Here’s another Hungarian example where it gets the name wrong because it missed the unit (konzerv).

token	50	dkg	kukorica	konzerv
translation	50	dkg (10g)	corn	canned
actual	QUANTITY	UNIT	NAME	UNIT
prediction	QUANTITY	UNIT	NAME	NAME

However here’s a harder example that it gets precisely right.

token	őrölt	fehér	bor
translation	ground	white	pepper
actual	STATE	NAME	NAME
prediction	STATE	NAME	NAME

Russian should be even harder since it’s a different script, although is straightforward to transliterate. However here’s an example that it gets exactly right:

token	Сало	свиное	свежее	-	50	г
translation	fat	port	fresh	-	50	g
actual	NAME	NAME	DF	O	O	I-UNIT
prediction	NAME	NAME	DF	O	O	I-UNIT

If one wanted to extend this model to one of these other languages the existing predictions would be a good way to start. Then annotators could correct the mistakes, especially where the model is unsure, which is much faster than manually labelling every token. In this way a good training set could be constructed relatively quickly by bootstrapping from another language. For more ideas on dealing with few to no labels, see Chapter 9 of the Natural Language Processing with Transformers book.

To take the model further we could fix the annotation errors, in particular multiple annotations within an ingredient, and retrain the model. We could also annotate more diverse ingredient sets; the NY Times released a similar ingredient phrase tagger along with training data (and the corresponding blog post is informative). However the tagger is already really very good.
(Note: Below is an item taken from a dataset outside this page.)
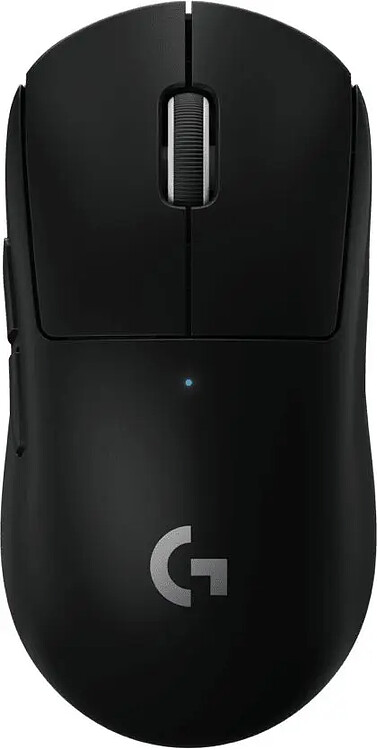 Мышь Logitech G Pro X Superlight 2 черный (910-006634)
Though really the model is really good and a better thing to do would be to run it over a large number of recipe ingredients to extract information. There are many recipes that can be extracted from the internet; for example using Web Data Commons extracts of Recipes, recipes subreddit (via pushshift), or exporting the Cookbook wikibook, or using OpenRecipes (or their latest export). Practically the CRF model is likely a better choice since it works roughly as well and would run much more efficiently. Then you could look at which ingredient names occur together, estimate nutritional content, convert quantities by region or do more complex tasks like suggest ingredient substitutes or generate recipes.